▶ **DATA EXTRACT**
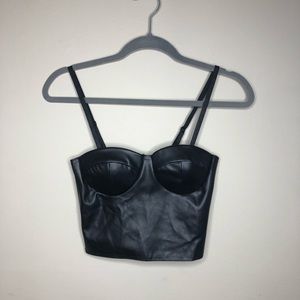 Faux Leather Bustier Cropped Top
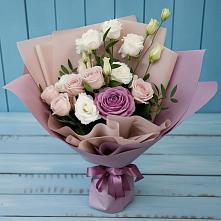 Букет цветов из:  Розы и Лизиантусы #REPLACE_PRED# Новоульяновске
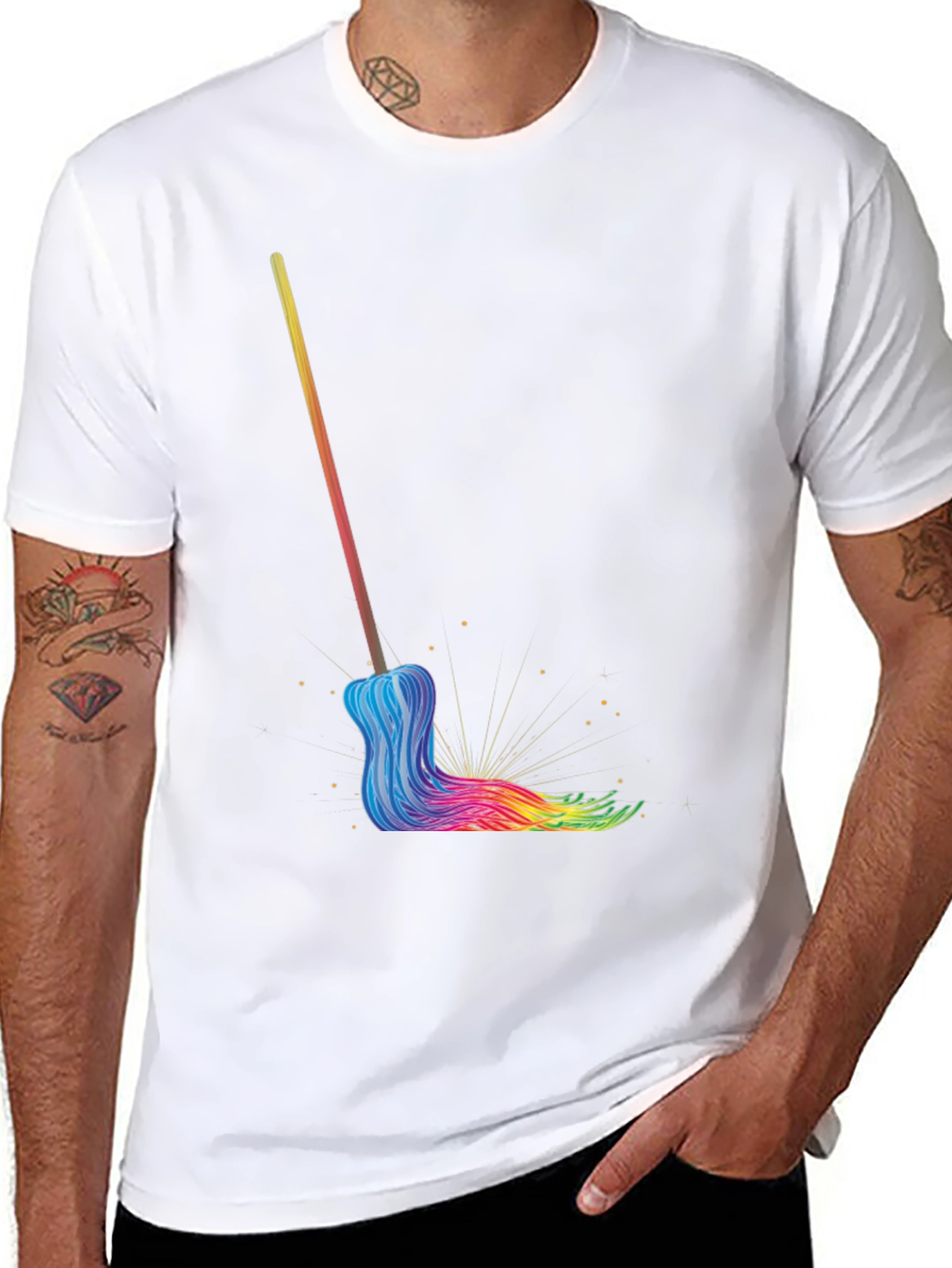 Rainbow Mop Graphic T-Shirt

▶ **TASK PROMPT**
All the material above should be written out exactly, with images omitted.

▶ **EXERCISE RESULT**
 Faux Leather Bustier Cropped Top
 Букет цветов из:  Розы и Лизиантусы #REPLACE_PRED# Новоульяновске
 Rainbow Mop Graphic T-Shirt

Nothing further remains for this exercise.